Confusion with increment operator

Question

public class F {
    int test(int e) {
        System.out.println("ok");
        return e;
    }

    public static void main(String[] args) {
        int y = 8;
        F f = new F();
        int i = f.test(y++);
        System.out.println(i);
    }
}

the output of this program is 8, which is what I expect.

public class Sa {
    public static void main(String[] args) {
        int i = 8;
        i++;
        System.out.println(i);
    }
}

For this program, the output is 9, which is surprising: why we are getting different values using the same values and the same increment operator in both programs?

Answer 1

y++ post-increments. That means it increments after the expression is evaluated.

When you run

i=f.test(y++)

then the value passed into the test method is the one before the increment took place.
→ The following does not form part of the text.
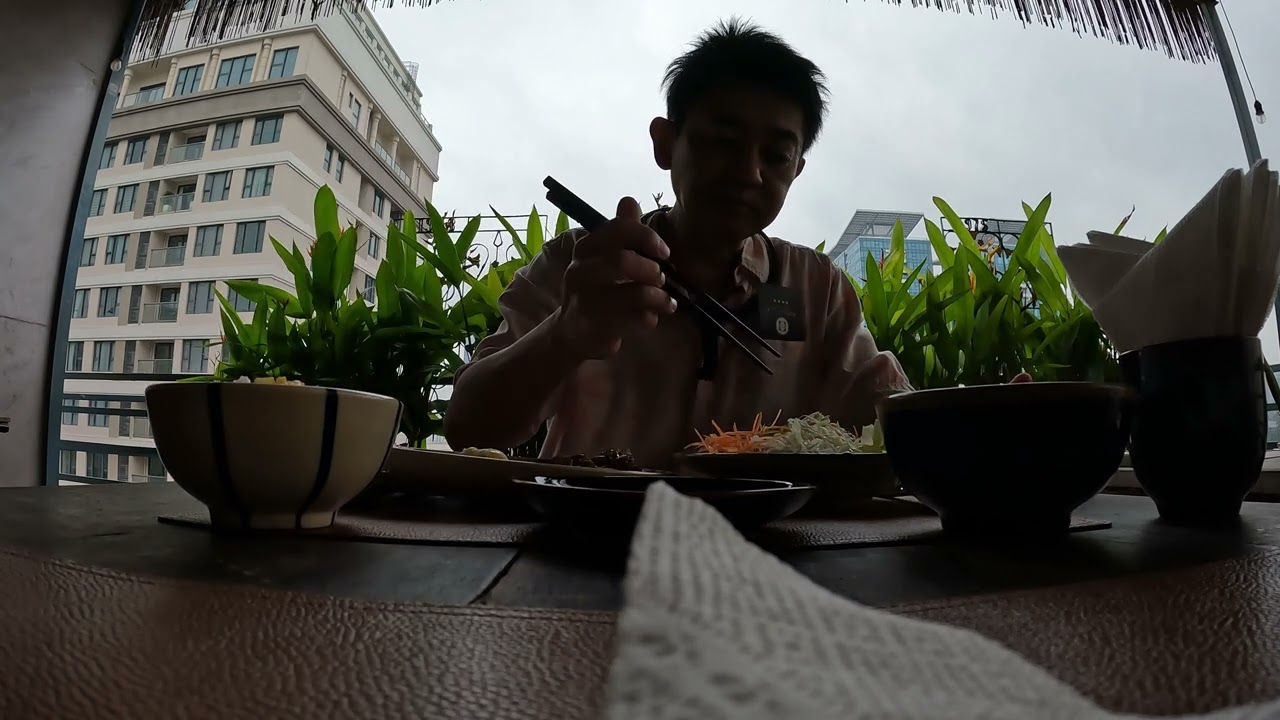 【べトナム】ホーチミンのプロスタイルホテルのビュッフェ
In your other code sample i++ is evaluated by itself so the increment takes place before the println.

Change the code in your first sample to ++y and you should get 9.

Answer 2

i++ is a postincrement operator, which means that it evaluates to the current value of i and then increments after use.

I would expect

int i = 8
System.out.println(i++);
System.out.println(i);

would print 8 then 9.

You might have meant ++i which is preincrement

Answer 3

y++ is post-increment.

It pass the value and then increments.So you are getting the previous value before incrementing.

In second case you are printing the incremented value.

Answer 4

y++ in the

i=f.test(y++)

is evaluated after the test() method is run. So, the test gets the value 8 and prints 8.

Incrementing it in the Sa class is equal to:

i++; //     is equal to i+=1     OR i = i + 1;

But, that is not why we use the incrementation (++). The purpose of it is the side-effect that it has in an expression.

Exactly in your example, you want to pass in the 8, but increment it to 9 after the test has been executed.